Superwoman is Fighting the Fight….

For all the mothers fighting
For better days to come

When you have a child with such profound difficulties as a SWAN (Syndromes Without A Name) child does you need to fight every single day for absolutely everything.  Because you have no diagnosis, nobody is willing to listen or help you straight away.  They want you to justify absolutely everything that you ask for, no matter what that is, and often you are looked down upon as trying to ‘scam’ the system.  This results in having to go to numerous different sources and collect information to pass on to get the help that other conditions often receive with no questions asked.  The ladies who care for SWAN children fight every single day because they have to first ensure their child is cared for and catered for in the correct way and then start to deal with the mountain of paperwork, telephone calls and letter writing that has to be done to get their child some help and recognition in the system.

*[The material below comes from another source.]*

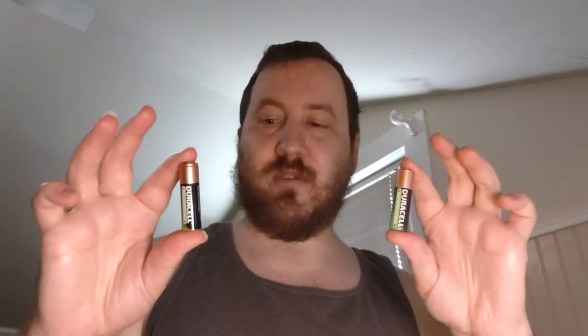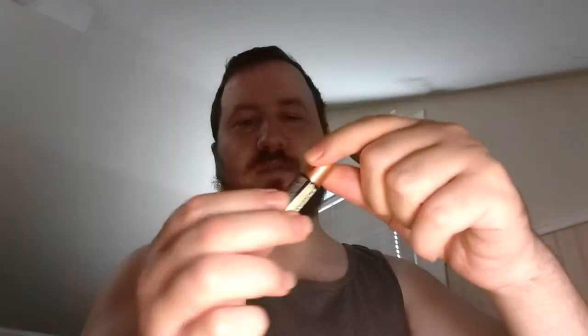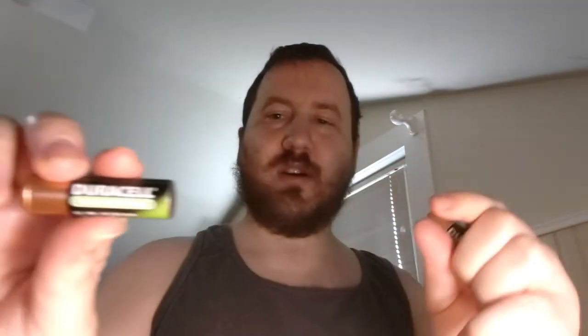I actually have two old batteries here — these are from two different factory sources that produce Duracell batteries. These are from around 2010 or so, before pre-charge and stay-charge were even around. This is just when they changed their green cells back to copper tops — so these are just plain Duracell batteries with no special designation.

When the going gets tough……

Even when I’m a mess
I still put on a vest
With an S on my chest

As you can imagine these ladies get exhausted physically, emotionally and mentally from having to deal with so much pressure from every direction but they can’t afford to stop for a rest to recuperate because something always needs to be done.  Instead they pick themselves up from the ground, dust themselves off and get right back to the slog of doing what needs to be done.  I have witnessed some of the ladies there being physically injured and badly needing recuperation time to recover, yet, they still put the effort in and deal with the complex difficulties that their children have.  There is no opportunity to shirk that responsibility as it is the single most important thing to them.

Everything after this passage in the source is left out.